Now we are ready to join the datasets. We can see that we end up with the same number of rows but have now added additional columns for the weather data.

> flights4 <- weather2c[flights2]

> dim(flights2)
[1] 336776     17
> dim(flights4)
[1] 336776     28

Finally, in data.table, almost any operation can be done within the middle argument, even functions that are called for their side effects, not what they return. In the code that follows we calculate the regression of arrival delay on visibility and we do this by carrier (airline).

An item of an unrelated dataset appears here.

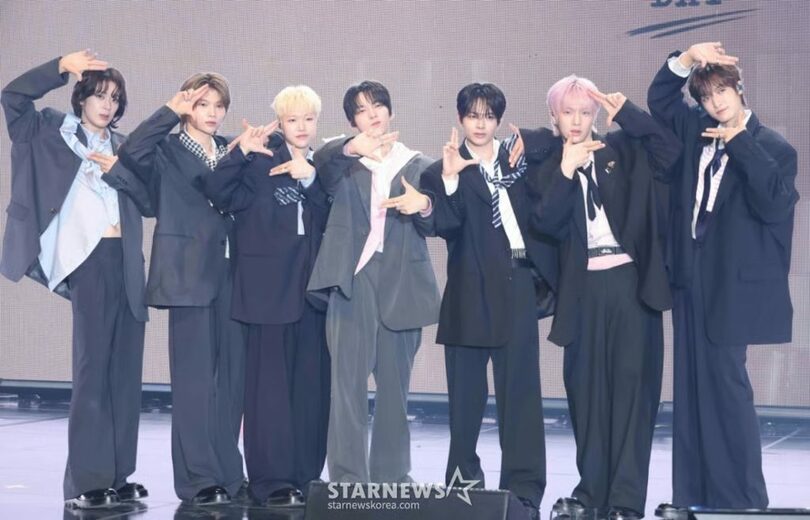 (c)STARNEWS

> flights4[, as.list(coef(lm(arr_delay ~ visib))), by = carrier]
    carrier (Intercept)     visib
 1:      AA    46.58181 -4.859830
 2:      AS    51.46830 -6.645643
 3:      B6    54.26659 -4.758500
 4:      DL    49.36366 -4.505132
 5:      EV    78.28173 -6.600792
 6:      MQ    52.29302 -3.868518
 7:      UA    35.47410 -3.463089
 8:      US    38.34697 -4.007031
 9:      WN    65.21767 -5.847156
10:      9E    45.61693 -4.690411
11:      HA   -29.45361  2.268041
12:      VX    25.30893 -2.789938
13:      F9    12.50000        NA
14:      FL    97.11111        NA
15:      YV     4.00000        NA
16:      OO   -88.79863 11.939863

We can even make plots. To catch multiple plots, we use the par() function. Of course, as we saw in Chapter 17, it would be easy to do this in ggplot2; this is just an example of the different operations you can do in a data.table object and by other variables. Because the plot() function creates a plot but returns no data, we end up with an empty data.table object.

> par(mfrow = c(4, 3))
> flights4[, plot(density(na.omit(arr_delay)), main = "Arival Delay", xlab = "", ylab = "Density"), by = month]
Empty data.table (0 rows) of 1 col: month

9781484203743_unFig18-01.jpg

So far we have just explored the data.table package in R, which allows for faster and somewhat more memory-efficient data management in R. However, it still requires the data to be loaded into memory. Many larger datasets will be too big for memory. For data that cannot be loaded into memory, there are a few options. The ff package uses flat files stored on disk and links them to R. The dplyr package also supports linking to databases, including SQLite, MySQL, Postgresql, and Bigquery. Although, ultimately, the data often have to be read into R, you rarely need all the data at once. For example, from a large database, you may only need to select certain observations, and read in two variables to examine their relationship. Even if the full dataset cannot fit in memory, by linking to a database and only pulling in what you need when you need it, you can use the memory available to go a lot farther. The package homepage for dplyr (https://cran.r-project.org/web/packages/dplyr/) has many introductions to these topics.

18.2 Parallel Processing

The other easy way to increase performance for some operations is through parallel processing. Again we are going to restrict ourselves to using multiple cores just on one machine, not distributed computing. To see many of the packages available to help with this, a good place to start is the High-Performance Computing CRAN task view (https://cran.r-project.org/web/views/HighPerformanceComputing.html). One thing worth noting is that many of the parallel processing functions work better or only work on Linux or Mac (built on Linux). In order to make this chapter more general, we will focus on methods that apply across operating systems.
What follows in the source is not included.